# https://medium.com/@erikhallstrm/using-the-tensorflow-lstm-api-3-7-5f2b97ca6b73

# Using the LSTM API in TensorFlow (3/7)
In the previous post we modified our to code to use the TensorFlow native RNN API.
Now we will go about to build a modification of a RNN that called a “Recurrent Neural Network with Long short-term memory” or RNN-LSTM.
This architecture was pioneered by Jürgen Schmidhuber among others.
One problem with the RNN when using long time-dependencies (`truncated_backprop_length` is large) is the “vanishing gradient problem”: http://neuralnetworksanddeeplearning.com/chap5.html
One way to counter this is using a state that is “protected” and “selective”.
The RNN-LSTM remembers, forgets and chooses what to pass on and output depending on the current state and input.

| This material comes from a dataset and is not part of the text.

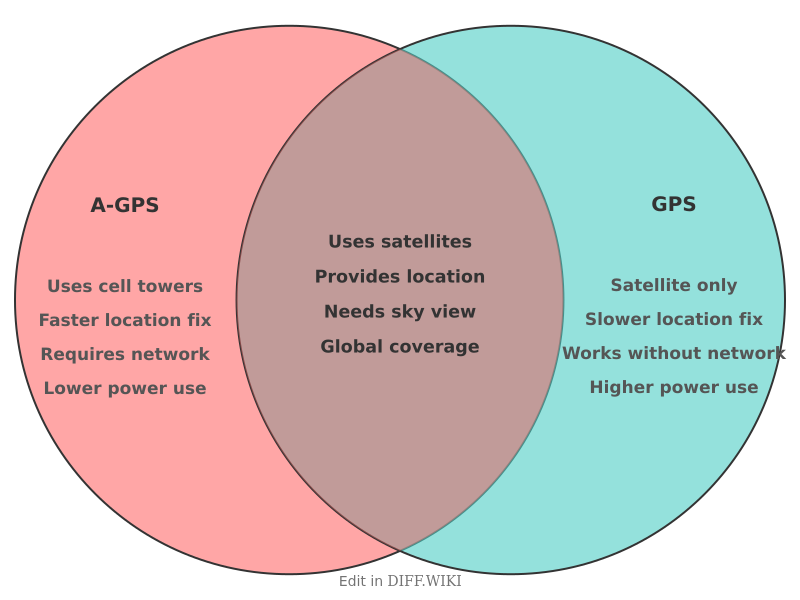 Venn diagram for Differences between A-GPS and GPS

Since this primarily is a practical tutorial I won’t go into more detail about the theory, I recommend reading this article again, continue with the “Modern RNN architectures”: https://arxiv.org/pdf/1506.00019.pdf
After you have done that read and look at the figures on this page.
Notice that the last mentioned resource are using vector concatenation in their calculations.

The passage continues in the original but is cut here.